The Federal Correctional Institution, Herlong (FCI Herlong) is a medium-security United States federal prison for male inmates in California, opened in 2007. It is operated by the Federal Bureau of Prisons, a division of the United States Department of Justice. The facility also includes a satellite prison camp that houses minimum-security male offenders.

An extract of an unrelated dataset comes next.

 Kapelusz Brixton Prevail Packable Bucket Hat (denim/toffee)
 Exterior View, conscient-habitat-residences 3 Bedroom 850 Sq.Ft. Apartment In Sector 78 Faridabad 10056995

FCI Herlong is located in Lassen County, in northeastern California near the Nevada border, approximately 60 miles northwest of Reno, Nevada and 190 miles northeast of Sacramento, California, the state capital. It is one of three prisons in the county; the other two are state prisons located in the county seat of Susanville. In 2007 half the adults in Susanville worked in one of the three facilities; together the three prisons hold approximately 11,000 inmates. Prisons are the major employers in the area since the timber industry declined.

Notable incidents
In 2009, a joint investigation conducted by the Bureau of Prisons, the FBI and the IRS uncovered a scheme in which three inmates at FCI Herlong: Scott Whitney, Diego Paucar and Erik Alexander, filled out false tax returns for other inmates seeking refunds. In order to portray the inmates as taxpayers, they made false W-2 forms using the names of real employers, but none of the inmates had actually worked for them. The IRS discovered the scheme and no refunds were actually paid. If the scheme had been successful, the three co-conspirators would have obtained $93,950 from the IRS. Whitney, Paucar and Alexander subsequently pleaded guilty to conspiring to defraud the IRS and had seven, four, and three years added to their original sentences, respectively.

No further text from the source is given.